Les points négatifs :
- Le plus gros, c'est clairement le salaire. 1 500 euros net, quel que soit le nombre d'heures de vol dans le mois, que ce soit en semaine, le WE, de jour, de nuit, ou les jours fériés. Il est difficile d'estimer quel est le "bon" salaire pour un métier donné, mais je pense que c'est très faible par rapport aux responsabilités et au coût de la formation.
- J'ai dû me payer ma QT : 11 000 euros (à mettre en rapport avec le point négatif précédent, il faut donc compter 7 mois et demi de salaire complet pour la rentabiliser, sans compter les éventuels intérêts de prêt bancaire).
- Les astreintes et les horaires : astreinte 24 heures sur 24, 6 jours sur 8. Un vol organe se décide au dernier moment, donc on est appelé 1h30 avant le décollage, il faut être au Bourget en 30 minutes, ce qui limite les déplacements, surtout aux heures des bouchons. On est souvent appelé au téléphone en pleine nuit, ou alors juste au moment où on s'apprêtait à se coucher, bien crevé après une bonne journée… C'est un rythme pas facile, et ça limite la vie sociale…

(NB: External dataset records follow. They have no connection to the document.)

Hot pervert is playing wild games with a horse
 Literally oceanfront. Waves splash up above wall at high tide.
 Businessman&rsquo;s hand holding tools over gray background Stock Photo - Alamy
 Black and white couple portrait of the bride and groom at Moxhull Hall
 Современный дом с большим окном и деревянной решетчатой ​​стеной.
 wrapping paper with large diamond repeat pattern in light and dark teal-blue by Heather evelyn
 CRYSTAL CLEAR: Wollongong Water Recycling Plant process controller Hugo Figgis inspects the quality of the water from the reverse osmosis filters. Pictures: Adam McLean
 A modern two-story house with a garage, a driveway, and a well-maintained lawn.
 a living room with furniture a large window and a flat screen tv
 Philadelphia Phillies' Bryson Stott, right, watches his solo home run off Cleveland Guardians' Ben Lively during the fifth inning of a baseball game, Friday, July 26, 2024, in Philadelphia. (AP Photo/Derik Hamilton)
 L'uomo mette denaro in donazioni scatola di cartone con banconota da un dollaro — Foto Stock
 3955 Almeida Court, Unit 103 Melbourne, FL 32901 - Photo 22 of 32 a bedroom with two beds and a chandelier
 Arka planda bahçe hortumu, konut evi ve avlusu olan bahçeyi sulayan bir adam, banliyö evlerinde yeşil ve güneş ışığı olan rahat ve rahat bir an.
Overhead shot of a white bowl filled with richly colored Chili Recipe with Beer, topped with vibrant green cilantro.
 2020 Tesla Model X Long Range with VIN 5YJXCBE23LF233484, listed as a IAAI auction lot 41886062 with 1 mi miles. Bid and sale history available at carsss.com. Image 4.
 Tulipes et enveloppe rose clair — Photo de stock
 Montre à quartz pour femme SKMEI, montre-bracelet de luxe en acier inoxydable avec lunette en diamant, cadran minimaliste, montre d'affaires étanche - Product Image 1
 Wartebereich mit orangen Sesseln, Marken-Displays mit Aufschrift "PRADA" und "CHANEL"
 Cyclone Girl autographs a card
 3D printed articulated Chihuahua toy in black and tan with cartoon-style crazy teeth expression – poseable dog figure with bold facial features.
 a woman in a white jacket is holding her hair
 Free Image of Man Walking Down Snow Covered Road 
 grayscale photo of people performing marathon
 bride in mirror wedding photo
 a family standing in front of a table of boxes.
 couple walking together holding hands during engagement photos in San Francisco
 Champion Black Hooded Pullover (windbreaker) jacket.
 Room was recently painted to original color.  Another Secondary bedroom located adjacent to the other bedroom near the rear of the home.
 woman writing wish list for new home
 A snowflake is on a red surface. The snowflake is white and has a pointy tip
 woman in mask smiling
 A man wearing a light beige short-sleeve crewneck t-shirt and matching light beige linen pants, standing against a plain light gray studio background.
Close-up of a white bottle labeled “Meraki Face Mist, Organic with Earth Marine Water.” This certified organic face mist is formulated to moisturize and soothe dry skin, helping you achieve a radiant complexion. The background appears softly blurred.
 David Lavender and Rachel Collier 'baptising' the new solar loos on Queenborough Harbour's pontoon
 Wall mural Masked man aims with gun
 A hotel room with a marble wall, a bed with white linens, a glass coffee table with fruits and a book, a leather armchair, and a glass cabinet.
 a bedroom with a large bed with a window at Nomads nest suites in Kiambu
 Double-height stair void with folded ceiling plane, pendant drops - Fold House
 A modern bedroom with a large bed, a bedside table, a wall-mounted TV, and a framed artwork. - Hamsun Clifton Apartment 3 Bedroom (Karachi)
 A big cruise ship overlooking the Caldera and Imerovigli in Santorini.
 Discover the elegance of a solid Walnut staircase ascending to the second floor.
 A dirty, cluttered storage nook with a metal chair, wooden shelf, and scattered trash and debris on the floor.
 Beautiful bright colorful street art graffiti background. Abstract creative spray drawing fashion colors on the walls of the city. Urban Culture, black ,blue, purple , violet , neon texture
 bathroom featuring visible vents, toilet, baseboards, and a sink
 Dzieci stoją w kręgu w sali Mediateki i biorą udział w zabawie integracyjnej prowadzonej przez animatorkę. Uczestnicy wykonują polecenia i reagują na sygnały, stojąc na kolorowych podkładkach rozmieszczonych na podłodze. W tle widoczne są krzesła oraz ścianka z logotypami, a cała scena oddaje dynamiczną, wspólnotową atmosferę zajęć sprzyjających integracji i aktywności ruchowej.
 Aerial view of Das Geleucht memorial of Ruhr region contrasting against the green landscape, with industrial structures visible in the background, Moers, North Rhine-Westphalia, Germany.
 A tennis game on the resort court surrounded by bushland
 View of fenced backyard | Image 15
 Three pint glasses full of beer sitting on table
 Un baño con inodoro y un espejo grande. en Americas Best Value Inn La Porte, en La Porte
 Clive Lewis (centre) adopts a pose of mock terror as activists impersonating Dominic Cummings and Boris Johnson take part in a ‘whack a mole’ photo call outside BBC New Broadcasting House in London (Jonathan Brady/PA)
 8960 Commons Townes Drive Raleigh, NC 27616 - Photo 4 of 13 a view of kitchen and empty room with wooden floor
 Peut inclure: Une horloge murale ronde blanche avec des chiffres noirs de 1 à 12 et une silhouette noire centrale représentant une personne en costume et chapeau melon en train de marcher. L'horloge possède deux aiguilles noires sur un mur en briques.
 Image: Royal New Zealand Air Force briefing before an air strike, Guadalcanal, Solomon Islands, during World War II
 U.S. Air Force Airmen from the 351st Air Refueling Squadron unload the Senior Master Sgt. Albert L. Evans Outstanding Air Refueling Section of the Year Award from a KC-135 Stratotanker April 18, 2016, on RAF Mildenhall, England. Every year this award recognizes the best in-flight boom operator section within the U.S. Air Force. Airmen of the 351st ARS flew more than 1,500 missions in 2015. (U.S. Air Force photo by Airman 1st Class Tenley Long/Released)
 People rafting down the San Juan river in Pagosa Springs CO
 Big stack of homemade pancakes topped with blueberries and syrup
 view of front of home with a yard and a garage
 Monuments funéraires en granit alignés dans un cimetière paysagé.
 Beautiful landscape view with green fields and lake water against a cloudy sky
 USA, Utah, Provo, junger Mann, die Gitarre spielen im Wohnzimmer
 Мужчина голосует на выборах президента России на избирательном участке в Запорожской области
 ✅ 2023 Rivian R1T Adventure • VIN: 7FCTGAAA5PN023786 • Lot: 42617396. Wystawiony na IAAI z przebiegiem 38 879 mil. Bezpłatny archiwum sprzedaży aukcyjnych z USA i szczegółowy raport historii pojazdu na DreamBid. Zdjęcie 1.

- Le manque d'évolution dans ma compagnie, dû au faible dynamisme (c'est rien de le dire) du marché du travail. Les quatre commandants de bord Beech avec lesquels j'ai volé sont passés en place gauche après un an à 18 mois environ comme copilote. J'en suis à 2 ans, et mon collègue copi arrivé avant moi en est à deux ans et demi. Et nous ne pouvons pas passer commandant de bord (alors que nous en avons les capacités) parce qu'il n'y a pas de départs dans la boîte… Sans départs, pas d'avancement.